Lightweight Python data fitting library with an emphasis on AMO/Quantum Information
Project description
Lightweight Python library for data fitting with an emphasis on AMO (Atomic Molecular and Optical physics) and Quantum Information.
fits
was inspired by the Oxford Ion Trap Group fitting library originally
authored by @tballance. It is still in the alpha phase and is likely to be renamed
(although fits
is still available on pypi)...please feel free to help bikeshed names.
Getting started
Installation
Install from pypi
with pip install ionics_fits
or add to your poetry project with
poetry add fits
.
Example Usage
Basic usage
import numpy as np
import ionics_fits as fits
a = 3.2
y0 = -9
x = np.linspace(-10, 10)
y = a*x + y0
fit = fits.NormalFitter(x, y, model=fits.models.Line())

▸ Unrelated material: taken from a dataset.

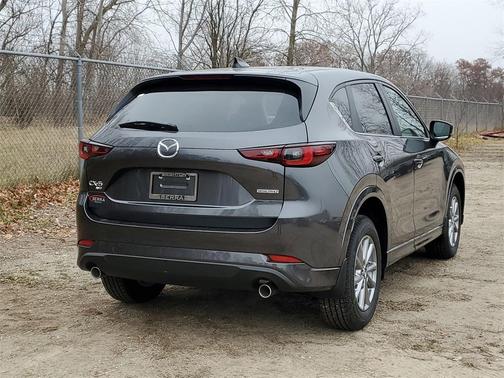 2025 Mazda CX-5 2.5 S Select Package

print(f"Fitted: y = {fit.values['a']:.3f} * x + {fit.values['y0']:.3f}")
The fit can be configured in various ways by modifying the model's parameters
dictionary (see the fits.common.ModelParameter
class for more information). This
allows one to:
- change the bounds for parameters
- change which parameters are fixed to a constant value / floated
- supply initial values for parameters instead of relying on the heuristics
Example usage:
import numpy as np
from matplotlib import pyplot as plt
import ionics_fits as fits
# Example problem: fit the amplitude and phase of a sinusoid whose frequency is known
# exactly
omega = 2 * np.pi # we know the frequency
model = fits.models.Sinusoid()
model.parameters["omega"].fixed_to = omega
# generate synthetic data to fit
params = {
"a": np.random.uniform(low=1, high=5),
"omega": omega,
"phi": np.random.uniform(-1, 1) * 2 * np.pi,
"y0": 0,
"x0": 0,
"tau": np.inf,
}
x = np.linspace(-3, 3, 100)
y = model.func(x, params)
fit = fits.NormalFitter(x, y, model=model)

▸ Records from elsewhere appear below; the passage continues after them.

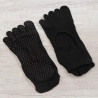 Antypoślizgowe skarpetki z palcami do jogi myga Yoga Toe Socks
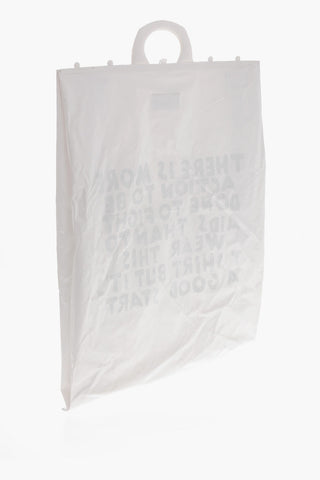 MM6 Nylon Shopping Bag THERE IS MORE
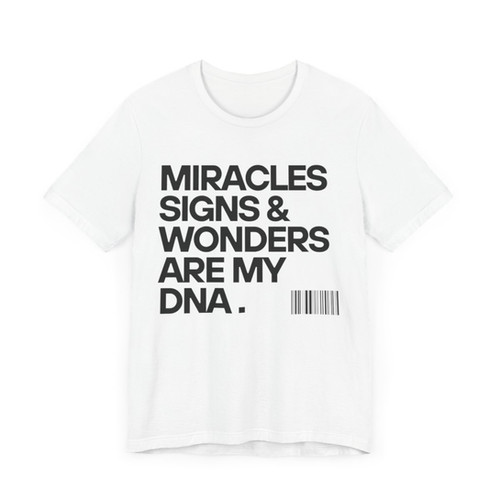 DNA T-Shirt | Demonstrate 2025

print(f"Amplitude: dataset = {params['a']:.3f}, fit = {fit.values['a']:.3f}")
print(f"Phase: dataset = {params['phi']:.3f}, fit = {fit.values['phi']:.3f}")
plt.plot(x, y, label="data")
plt.plot(*fit.evaluate(), '-.o', label="fit")
plt.grid()
plt.legend()
plt.show()
Developing
Before committing:
- Update formatting:
poe fmt
- Lints:
poe flake
- Run test suite:
poe test
- Optionally: fuzz any new models
Design Philosophy
Good Heuristics
Life is too short for failed fits. We can't guarantee to fit every dataset without any help from the user (e.g. specifying initial parameter values) no matter how noisy or incomplete it is...but we do our best!

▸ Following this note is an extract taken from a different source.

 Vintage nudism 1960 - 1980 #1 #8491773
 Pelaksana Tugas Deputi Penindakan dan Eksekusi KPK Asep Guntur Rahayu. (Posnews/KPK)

Every fit model has a "parameter estimator" which uses heuristics to find good estimates of the values of the model's free parameters. We expect these heuristics to be good enough to allow the optimizer to fit any "reasonable" dataset. Fit failures are viewed as a bug and we encourage our users to file issues where they find them (please post an example dataset in the issue).
Currently this project is a MVP and many of the heuristics need some work. Expect there to be cases where we could easily do better. Please report them where you find them!
Validation
It's not enough to just fit the data, we want to know if we can trust the fit results before acting on them. There are two distinct aspects to the validation problem: did the fit find the model parameters which best match the data (as opposed to getting stuck in a local minimum in parameter space far from the global optimum)? and, are the fitted parameter values consistent with our prior knowledge of the system (e.g. we know that a fringe contrast must lie within certain bounds).
First, any prior knowledge about the system should be incorporated by specifying fixed parameter values and parameter bounds. After that, the fit is validated. At present, validation is done using the Chi-squared as a test for goodness of fit. It is likely that additional validation tests will be added as the package grows.
General purpose
This library is designed to be general purpose; rather than tackling specific problems we try to target sets of problems -- we want to fit sinusoids not your sinusoid. This is reflected, for example, in the choices of parametrisation, which are intended to be extremely flexible, and the effort put into heuristics. If you find you can't easily fit your sinusoid with the standard model/heuristics it's probably a bug in the model design so please open an issue.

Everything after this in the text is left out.